- **WHAT YOU NEED TO DO**: Pictures are to be left out; every line from the one that holds "La collection pour" to the end of the data is to be retyped exactly.

- **MATERIAL SUPPLIED**:
★ ★ ★ ★ ★ ★ ★
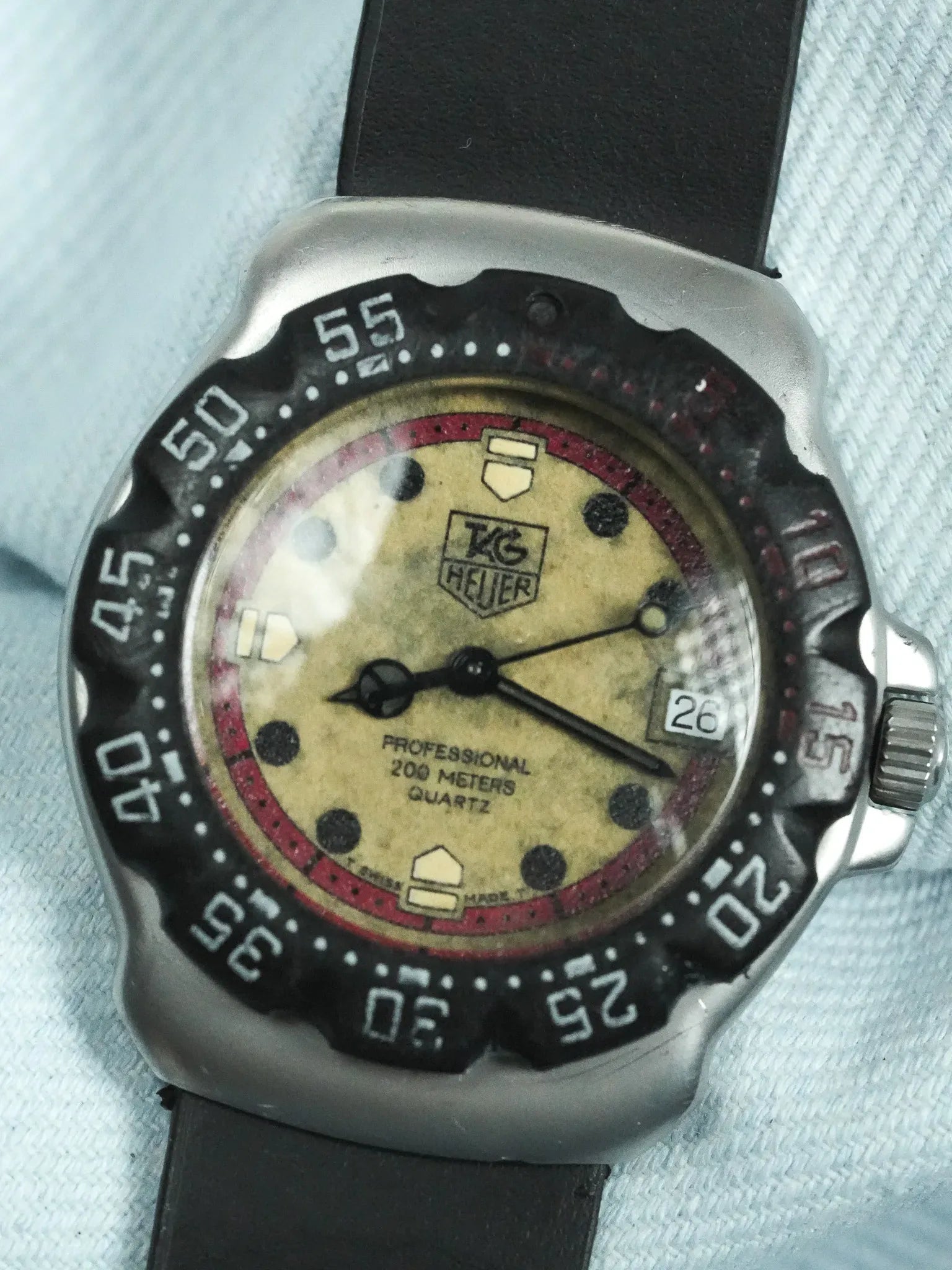 Tag Heuer - Professional 200m Noir Crème - 1990s - Atelier Victor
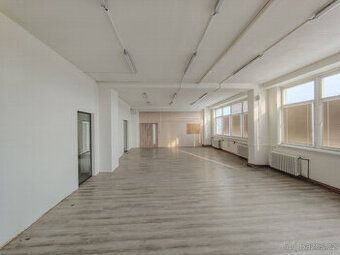 Nabízíme k pronájmu skladovací prostory o celkové ploše 30 m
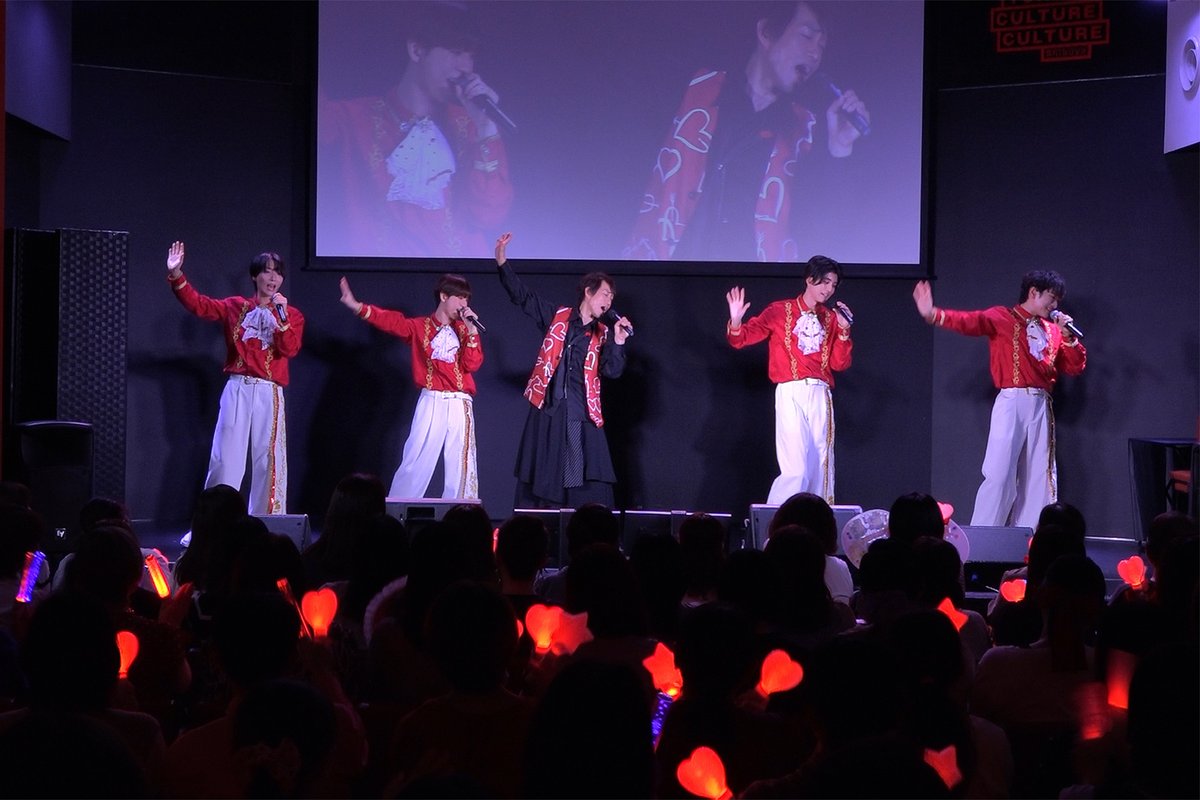 encountofficial's tweet photo. 【#ENCOUNT REPORT】

元光GENJIの山本淳一×華MEN組
スペシャルライブを開催🎤
■ https://t.co/xpwAt4sSBD

山本淳一「いつかメンバーとやれたら」　
ステージで語った夢「それまで“ひとりGENJI”頑張ります」！💫

#山本淳一 #華MEN組 ＠Kamengumi_staff https://t.co/gDmGKNEctX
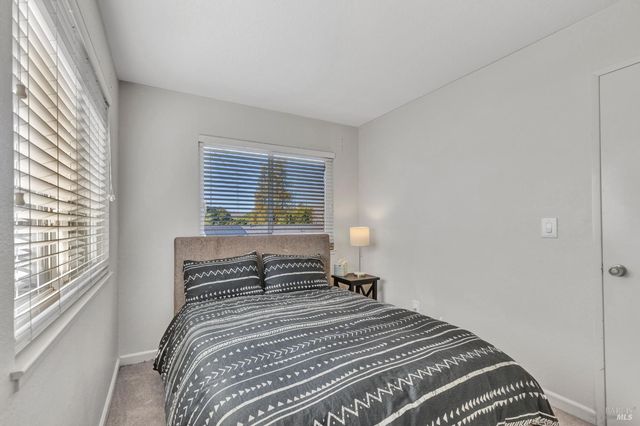 61 Parrott St, Vallejo, CA 94590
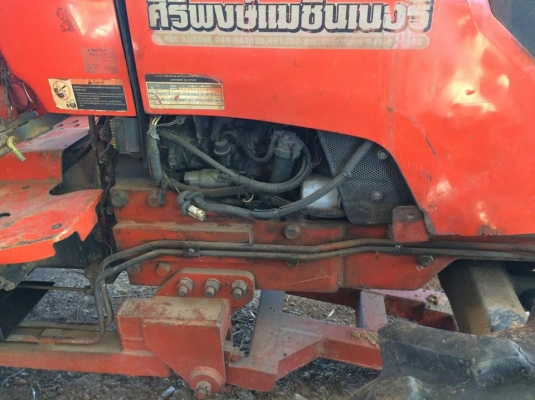 ขายรถไถคูโบต้า M7040 อุปกรณ์ใบดันหน้า ผาน5 เอกสารเล่มทะเบียนครบ สภาพทำงานปกติ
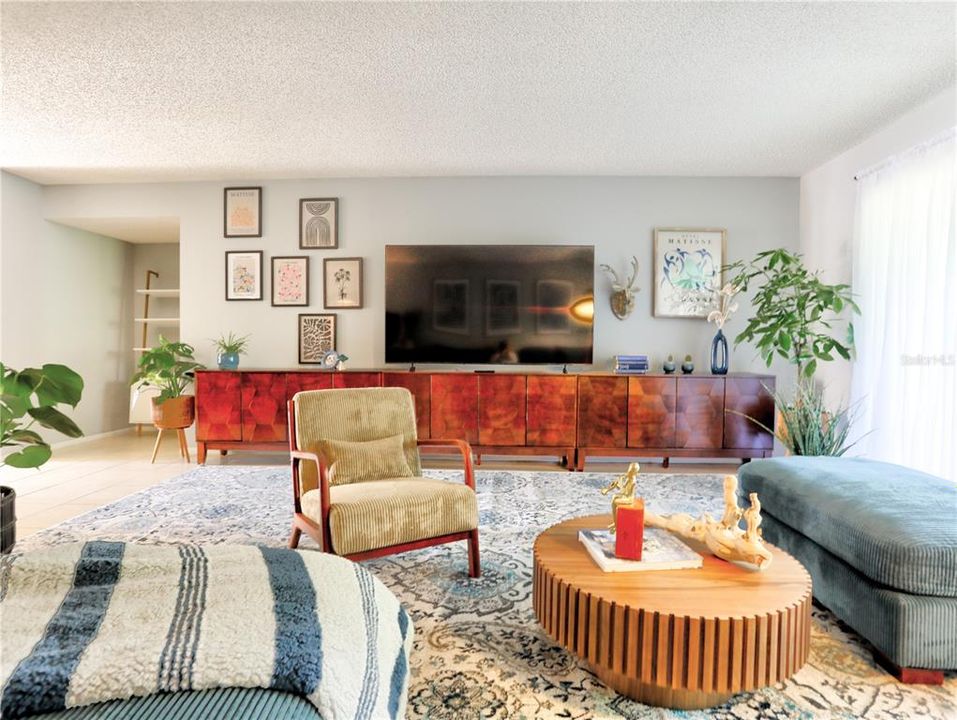 For Rent: $2,500 (2 beds, 2 baths, 1408 Square Feet)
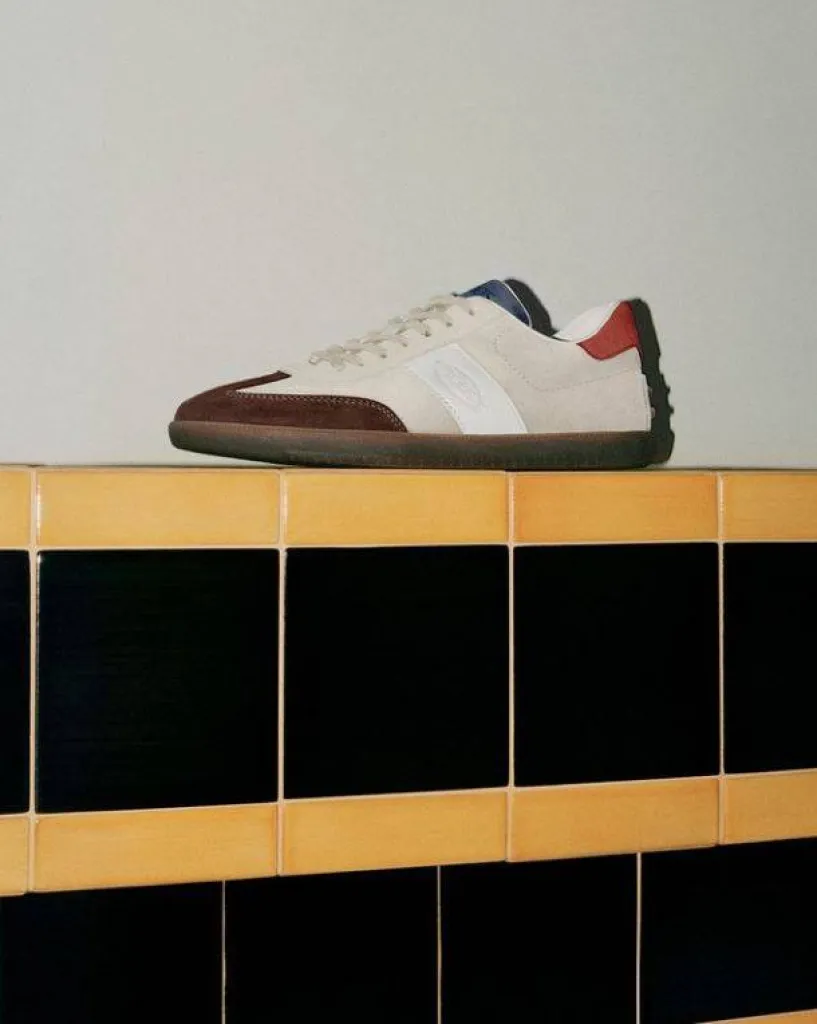 La collection pour homme Tod's Printemps-été 2024  des images de classe et d'élégance à l'italienne.
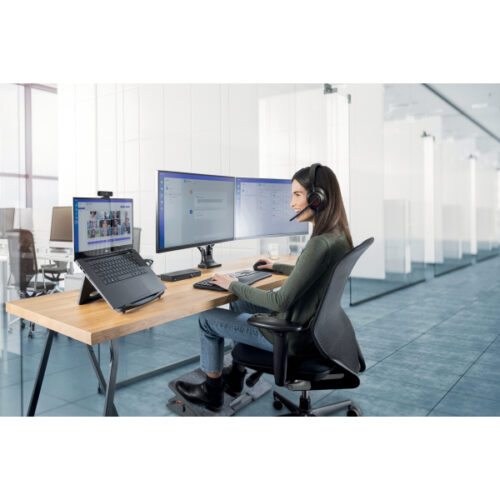K50345EU_n_02.jpg Podnóżek Kensington SmartFit™ SoleMate™ Pro Elite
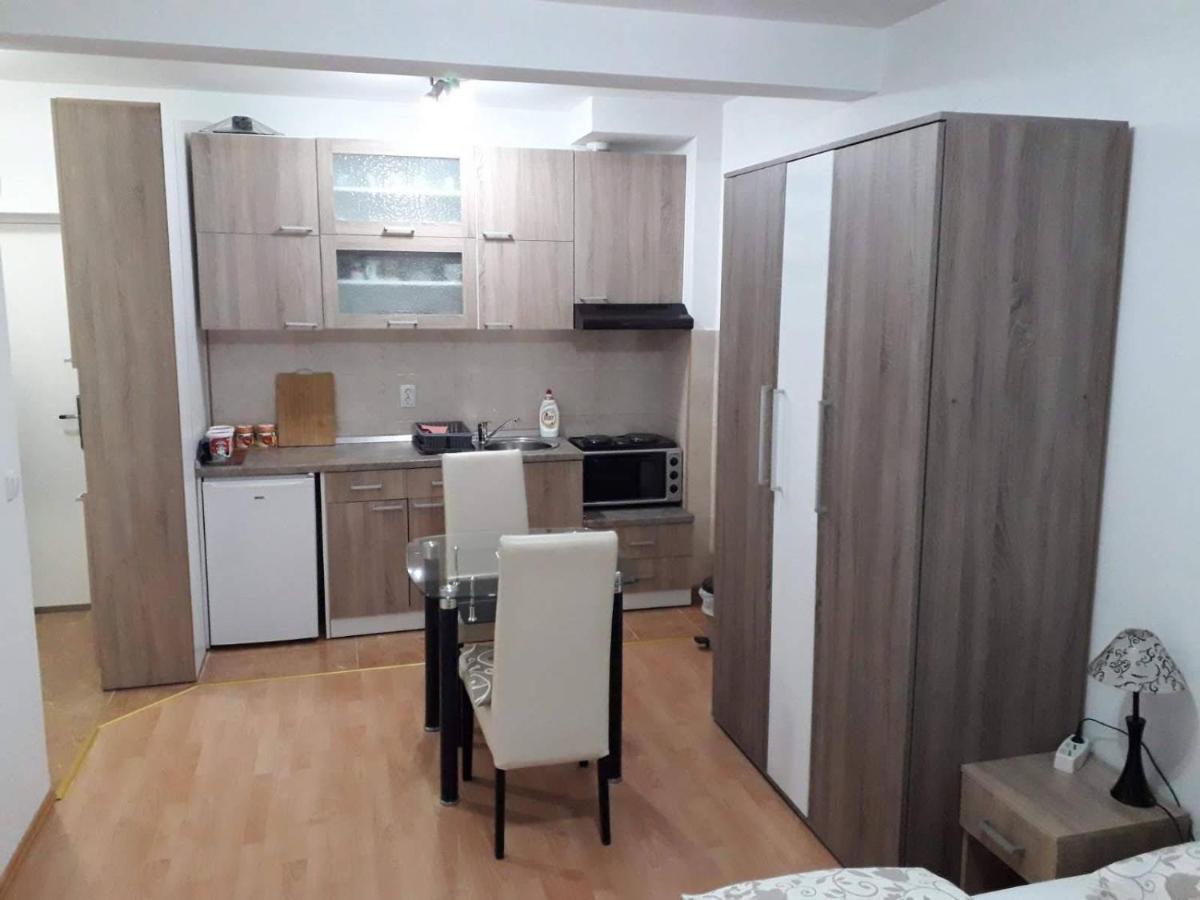 Renome Apartmani Banja Koviljača Exteriér fotografie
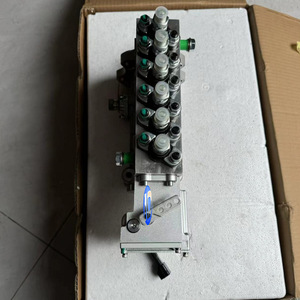 ปั๊มน้ำมันดีเซล Dongfeng Cummins รุ่น 5267708 4940749 สำหรับเครื่องกำเนิดไฟฟ้าดีเซล อะไหล่เครื่องยนต์ โครงสร้างเหล็ก - Product Image 1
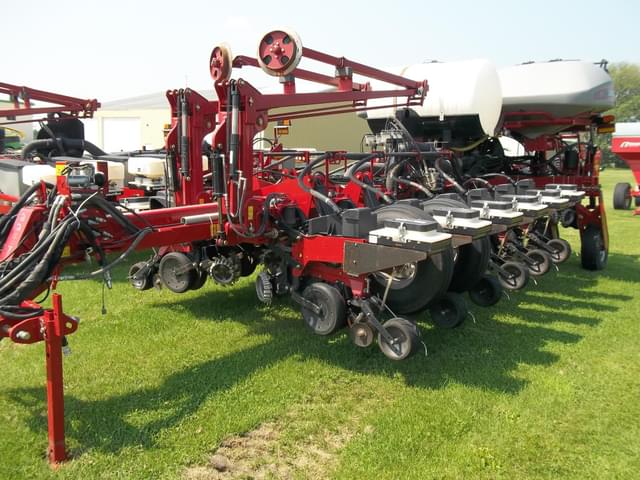 Image of Case IH 1255 equipment image 1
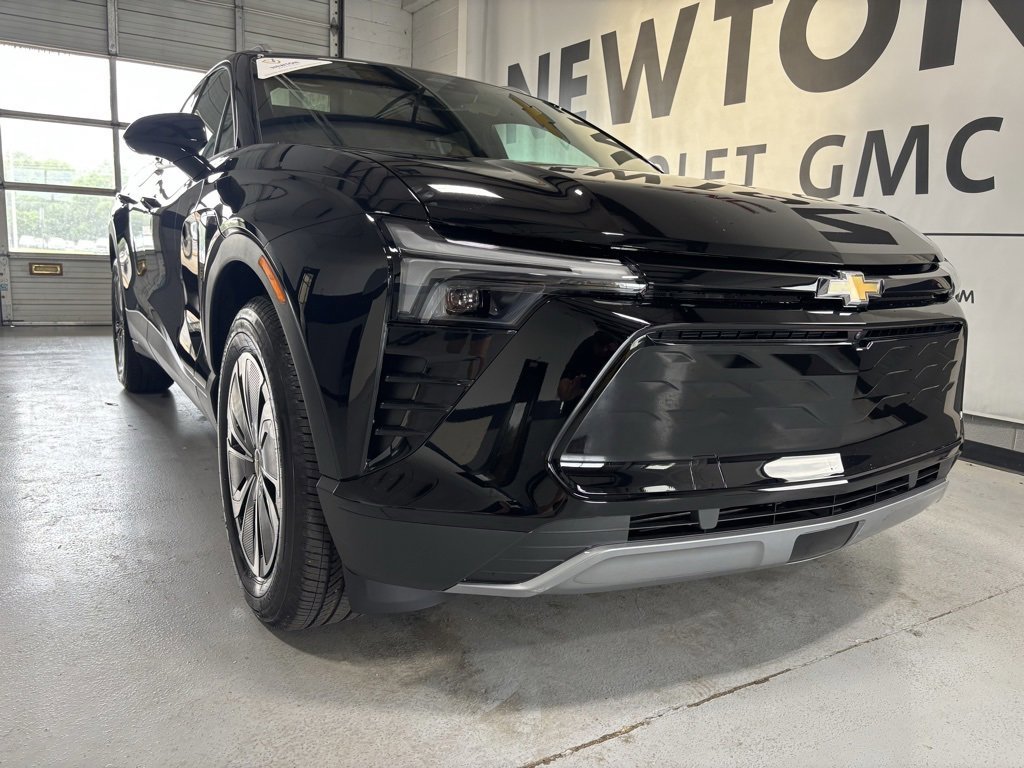 New 2025 Chevrolet Blazer EV LT image 35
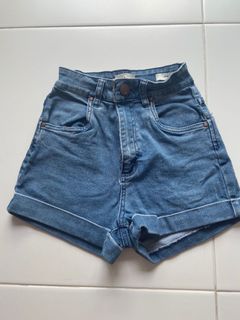(Category: ) located in . Submitted by goldaurora (Listing ID 1058424600, Image 1). Description: .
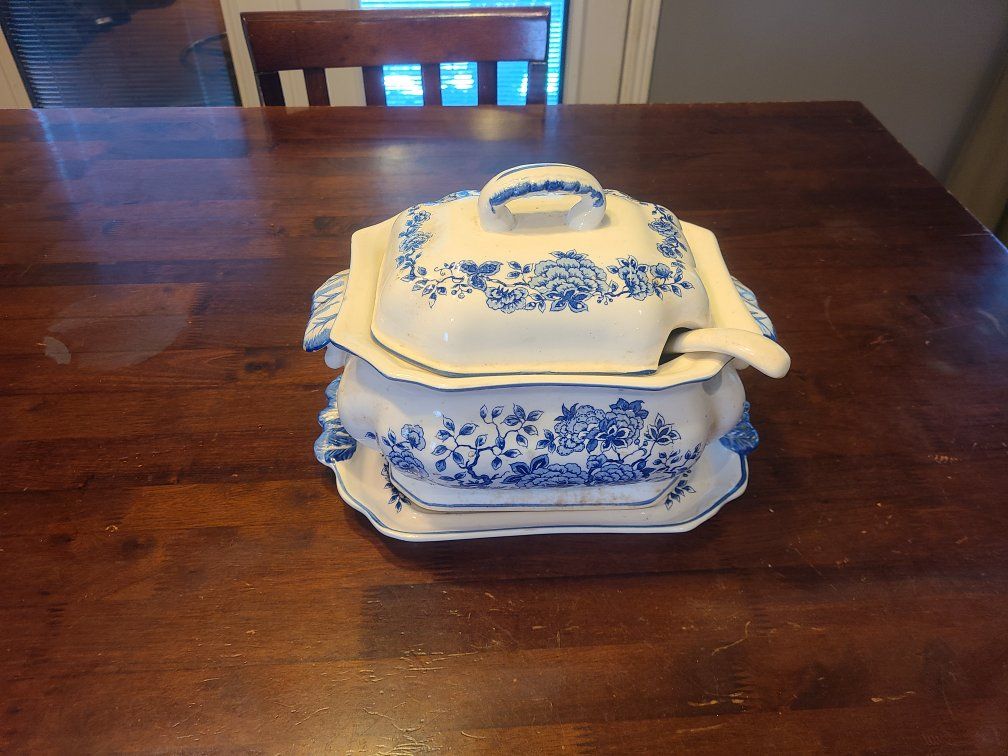 vintage blue and white floral tureen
★ ★ ★ ★ ★ ★ ★
- **ANSWER SECTION**:
 La collection pour homme Tod's Printemps-été 2024  des images de classe et d'élégance à l'italienne.
K50345EU_n_02.jpg Podnóżek Kensington SmartFit™ SoleMate™ Pro Elite
 Renome Apartmani Banja Koviljača Exteriér fotografie
 ปั๊มน้ำมันดีเซล Dongfeng Cummins รุ่น 5267708 4940749 สำหรับเครื่องกำเนิดไฟฟ้าดีเซล อะไหล่เครื่องยนต์ โครงสร้างเหล็ก - Product Image 1
 Image of Case IH 1255 equipment image 1
 New 2025 Chevrolet Blazer EV LT image 35
(Category: ) located in . Submitted by goldaurora (Listing ID 1058424600, Image 1). Description: .
 vintage blue and white floral tureen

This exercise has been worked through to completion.